Other Factors That Impact GOOGL Stock
But there are other factors at play here that impact Alphabet earnings. What looks like an acceleration in EPS growth in 2018 — excluding one-time factors — actually wasn’t. Operating income growth was minimal, rising less than 1% after a 10% increase in 2017. Instead, Alphabet — backing out the one-time effect in Q4 2017 — just benefited from a lower tax rate.
From that standpoint, it looks like Alphabet earnings actually are slowing to a crawl. Operating margins are compressing, and underlying profit is barely growing. But here, too, investors have to look closer.
Once again, there are one-time factors. The first is the effect of fines levied by the European Commission. Alphabet breaks out segment-level profits, and ‘reconciling items’ are deducted from its operating profit. Those items include corporate overhead — and of late, those fines. The impact from reconciling items rose from $598 million in 2016 to a whopping $6.84 billion in 2018.
There’s another factor affecting operating earnings. Alphabet is losing more money from its “Other Bets” businesses. Operating loss there was $3.36 billion in 2018 — against $2.73 billion the year before. That’s not a surprise: the category includes startup businesses like self-driving car business Waymo and life sciences incubator Verily.
If an investor just looks at operating profits in the Google segment — which excludes Other Bets and the impact of fines — all seems to be well.
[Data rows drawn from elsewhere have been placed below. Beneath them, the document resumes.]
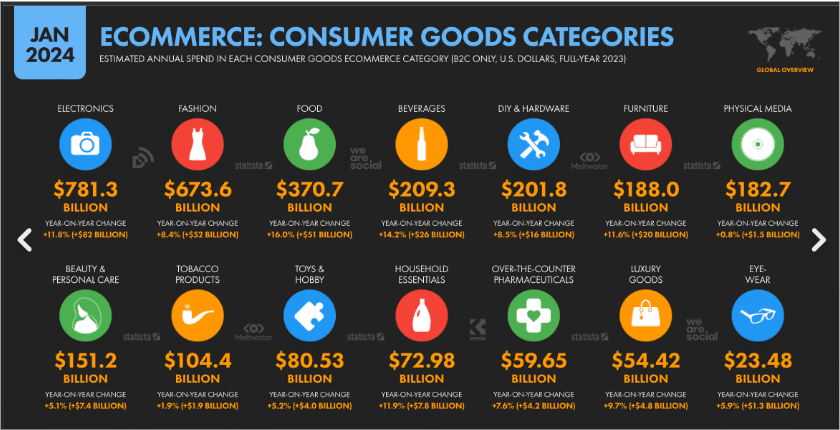 Informational graphic for eCommerce consumer goods categories, with industry spending for 2024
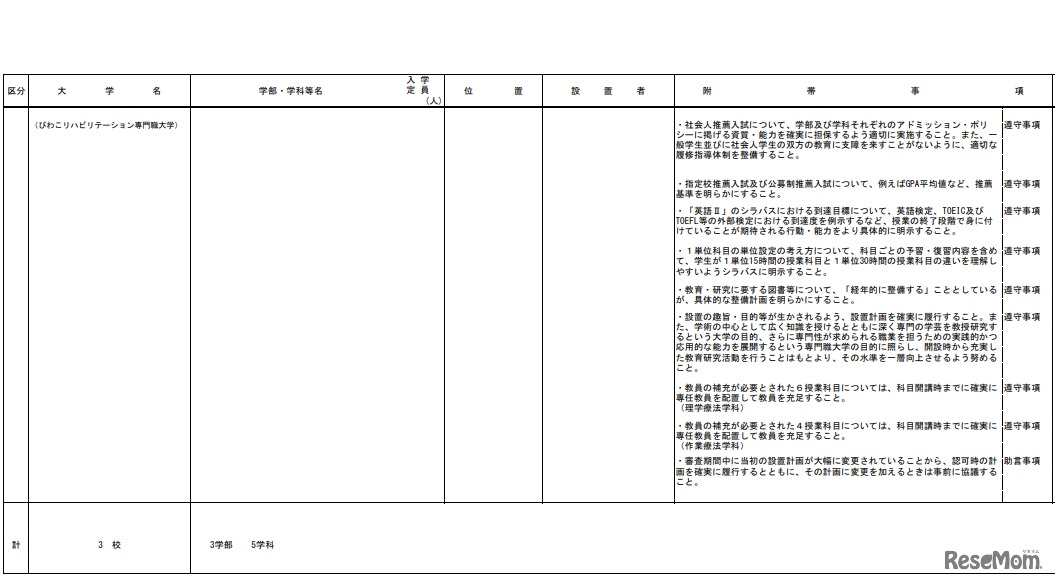 令和2年度（2020年度）開設予定大学等一覧 専門職大学を設置するもの（2／2）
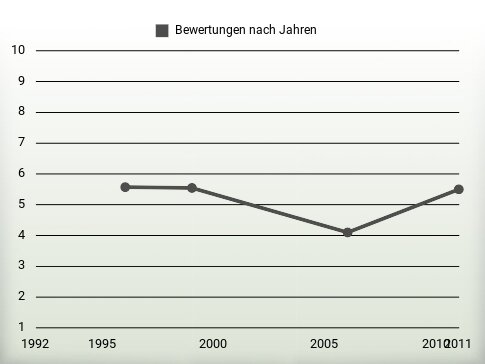 Bewertungen nach Jahren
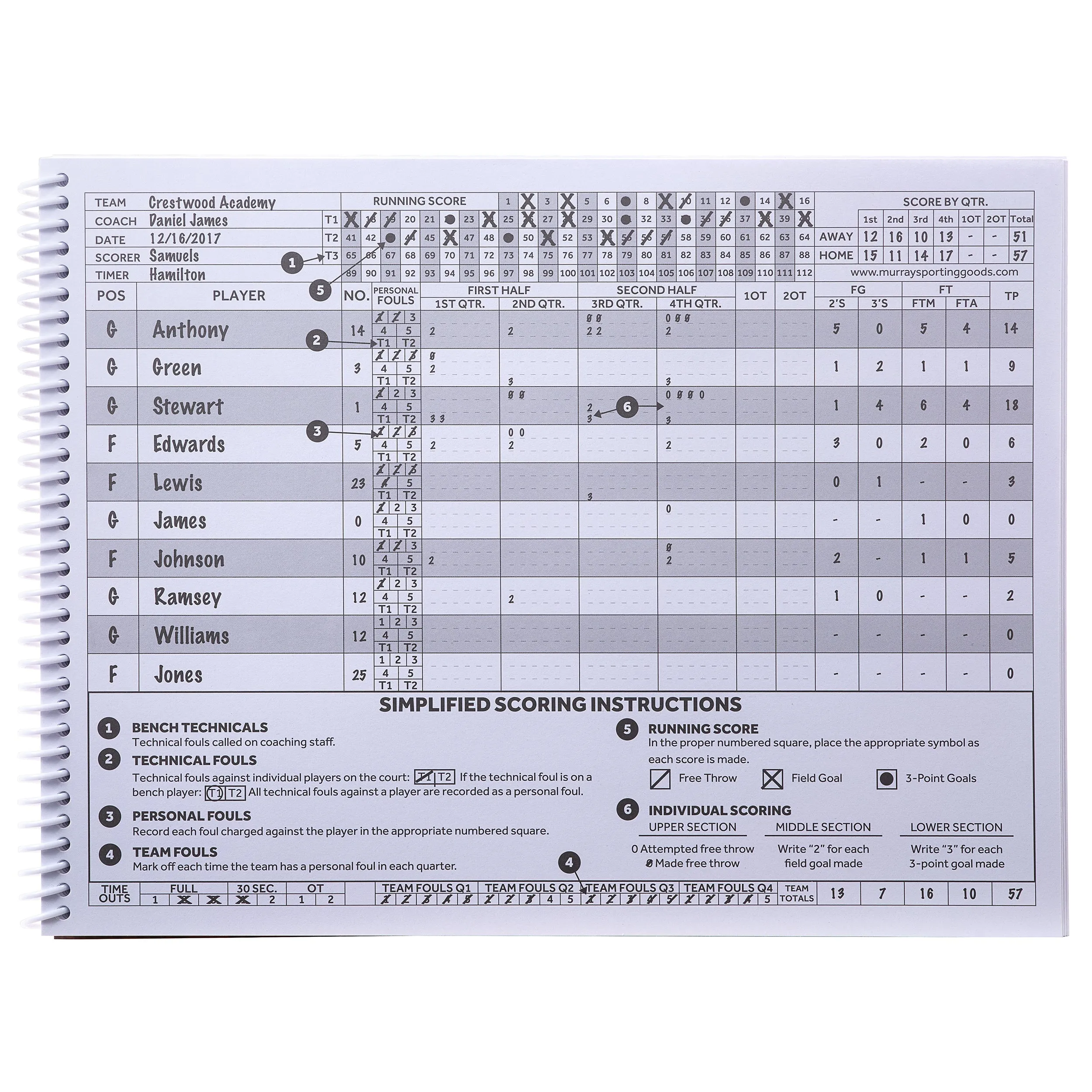 Elite Basketball Scorebook - 50 Games
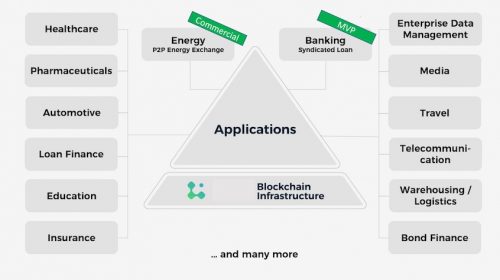 lition blockchain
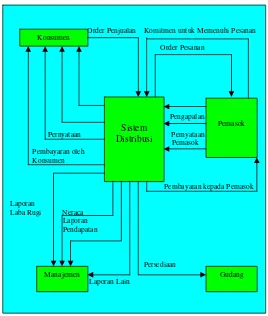 Gambar 3. Diagram Alir Sistem Distribusi 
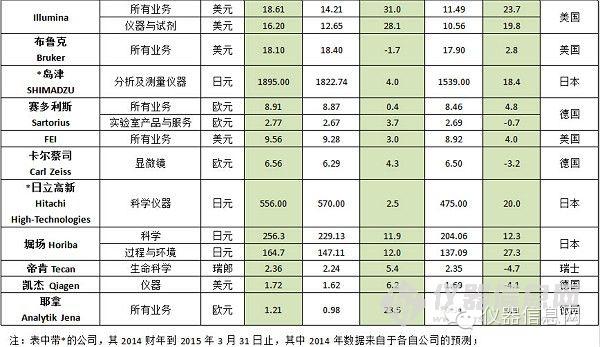 2008-2009年銷售萎縮，2010-2011年增勢強勁，2012-2013年跌入低谷。經歷了這些“起起落落”之后，2014年全球分析與實驗室儀器市場低迷行情有所緩和。據相關研報數據顯示，2014年，全球分析與實驗室儀器市場預計將回升至1.8%，高于2013年的1.2%。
Profits rose 20% in 2016, 18% in 2017, and 13% in 2018. Growth is decelerating, admittedly, but still solid.
GOOGL Bulls and Bears
What’s interesting about the different ways of looking at Alphabet earnings is that they can drive very different perceptions of GOOGL stock. That’s true from both short-term and long-term perspectives.
For instance, Google stock actually dipped after Q4 earnings crushed consensus EPS,which seemed strange, but the beat came entirely from the equity investment accounting effect: operating results were actually below estimates.
Long term as well, there’s an obvious divide. The bull case here is that Alphabet has $100 billion-plus in cash and valuable businesses like Waymo and Verily that aren’t yet contributing to results. In that context, a ~25x forward P/E multiple looks reasonable and may not even incorporate those assets.
A skeptic, however, might point to the steadily decelerating growth in the Google segment. Operating margins are coming down even beyond the impact of Other Bets and EU fines. Competition is rising, with Amazon.com (NASDAQ:AMZN) becoming a new and dangerous rival in advertising (which still drives the overwhelming majority of Alphabet revenue). And rising traffic acquisition costs, plus the increasing usage of apps over browsers, portend a risk to the core search business here.
There are logical takes on both sides, particularly with GOOGL stock having recovered its Q4 losses with strong performance YTD. But to make that logical take, an investor needs to truly understand the numbers. As seen here, that takes some digging — and investors will need to continue to dig as Alphabet releases results going forward.
As of this writing, Vince Martin has no positions in any securities mentioned.